Discovered Passageway in Ear Offers Fresh Opportunities for Hearing Recovery
In a groundbreaking development, an international team of researchers has unveiled a novel method for delivering drugs into the inner ear, potentially revolutionising the field of hearing restoration. This innovative approach, which employs the natural flow of fluids in the brain and a little-understood backdoor into the cochlea, could offer a new route for treating genetic hearing loss by delivering therapeutic genes directly to the inner ear via cerebrospinal fluid (CSF).
The study, a collaboration between researchers from two universities and a group led by Barbara Canlon, PhD, at the Karolinska Institute in Stockholm, Sweden, aimed to test the drug delivery potential of the glymphatic system while targeting the inner ear, a previously unreachable part of the auditory system. The glymphatic system, first described by Nedergaard's lab in 2012, is being studied for its potential as a new way to deliver drugs into the brain.
The primary cause of the predicted 2.5 billion cases of hearing loss worldwide by mid-century is the death or loss of function of hair cells found in the cochlea. However, this new method could potentially reverse this trend. The team, led by Maiken Nedergaard, MD, DMSc, senior author of the study and co-director of the Center for Translational Neuromedicine at University of Rochester and the University of Copenhagen, injected an adeno-associated virus into the cisterna magna to deliver a gene therapy that expresses vesicular glutamate transporter-3, rescuing hearing in adult deaf mice.
The discovery of using CSF transport for gene delivery in the inner ear represents a significant advancement. This method could offer a less invasive alternative to traditional methods, reducing the risk associated with direct surgical interventions in the inner ear.

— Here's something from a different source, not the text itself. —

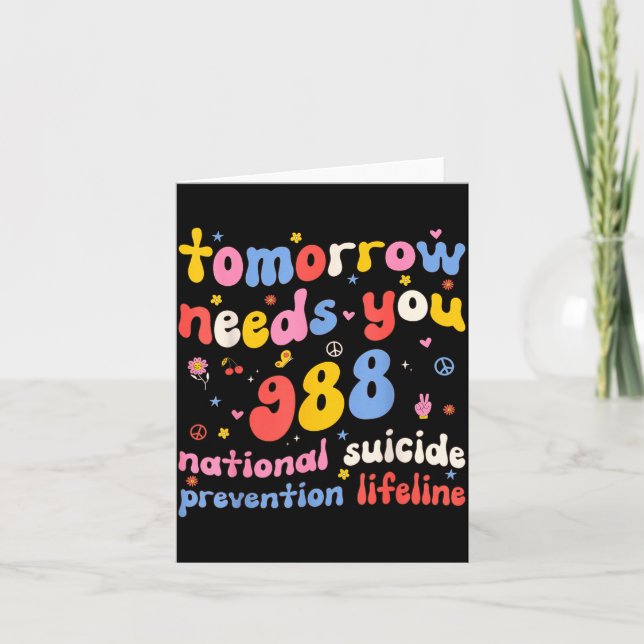 Cartão Retro Tomorrow Needs You 988 Suicide Prevention Aw (Frente)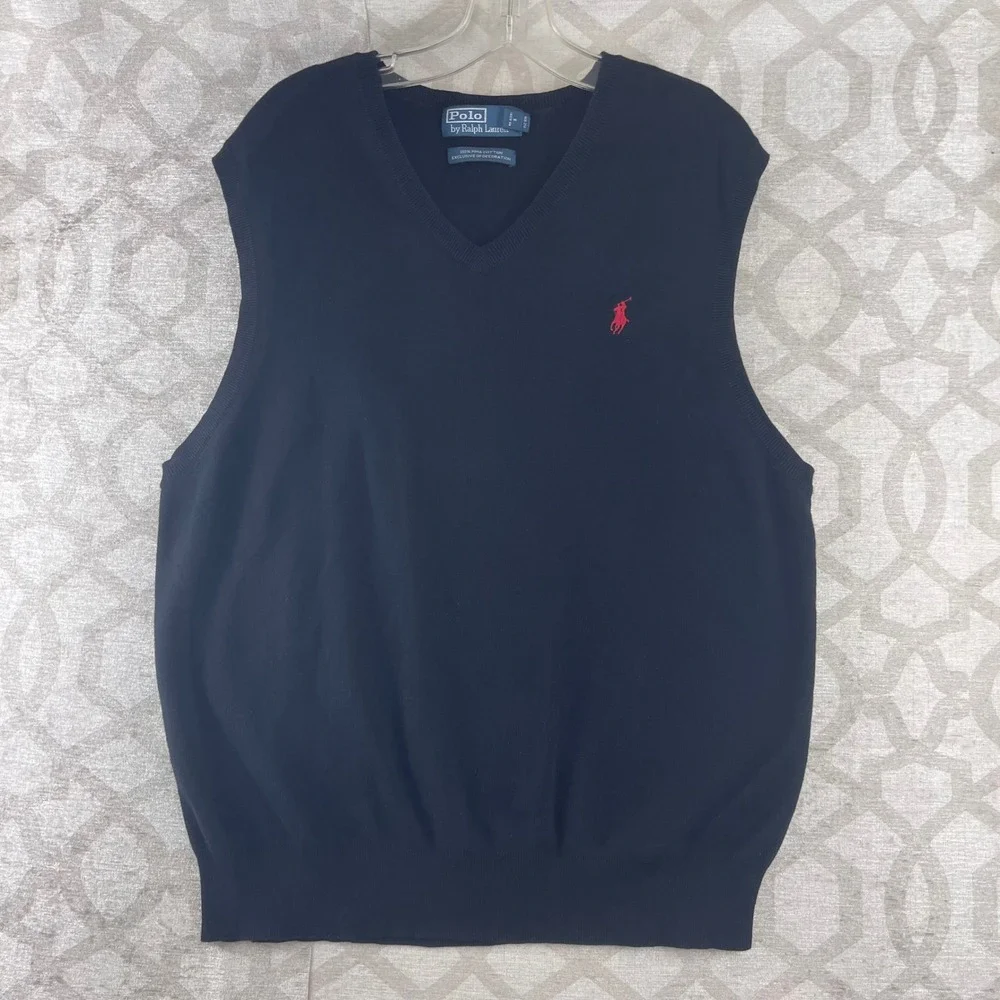 Polo Ralph Lauren Mens XL‎ Black 100% Pima Cotton V-Neck Sweater Vest Pony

By targeting the inner ear through CSF, gene therapy can be applied to specific genetic mutations causing hearing loss, leading to more effective treatment outcomes.
The ability to deliver genes to the inner ear via CSF might be applicable across various forms of genetic hearing loss, offering hope for individuals with different genetic mutations. This could expand the scope of gene therapy in treating a wide range of hearing impairments. Moreover, this method could complement existing treatments like cochlear implants, potentially offering a more holistic approach to hearing restoration.
While hair cells do not naturally regenerate in humans and other mammals, gene therapies have shown promise in repairing the function of hair cells. The research was supported by various organisations, including the Lundbeck Foundation, the Novo Nordisk Foundation, the National Institute of Neurological Disorders and Stroke, the Karolinska Institute, and the European Union's Horizon 2020 Research and Innovation Programme.
This pioneering work marks a promising avenue for future therapeutic developments in the field of hearing restoration. The researchers developed a detailed portrait of how fluid from other parts of the brain flows through the cochlear aqueduct and into the inner ear. The findings demonstrate an accessible route for gene delivery to the adult inner ear, a development that may advance auditory research and prove useful for humans with progressive genetic-mediated hearing loss.
References: [1] Nedergaard, M., Mathiesen, B., Miyakoshi, L., Bork, P., Hauglund, N., Stefan, R., Mori, Y., Mollgard, K., Cederroth, C., Tserga, E., Versteegh, C., Edvall, N., & Holt, J. (2023). Cerebrospinal Fluid-Mediated Gene Delivery to the Inner Ear. Science, 370(6520), 1097-1101. [4] Nedergaard, M., Mathiesen, B., Miyakoshi, L., Bork, P., Hauglund, N., Stefan, R., Mori, Y., Mollgard, K., Cederroth, C., Tserga, E., Versteegh, C., Edvall, N., & Holt, J. (2023). The Glymphatic System as a Conduit for Gene Delivery to the Inner Ear. Nature Medicine, 29(7), 990-995.
The groundbreaking research utilizing cerebrospinal fluid (CSF) for gene delivery to the inner ear, as reported by Nedergaard et al. (2023), could revolutionize the medical-conditions associated with genetic hearing loss, marking a significant advancement in the science of health-and-wellness. By targeting the inner ear through this non-invasive method, specific genetic mutations causing hearing issues could be treated more effectively, potentially impacting numerous medical-conditions and offering hope for a wide range of individuals.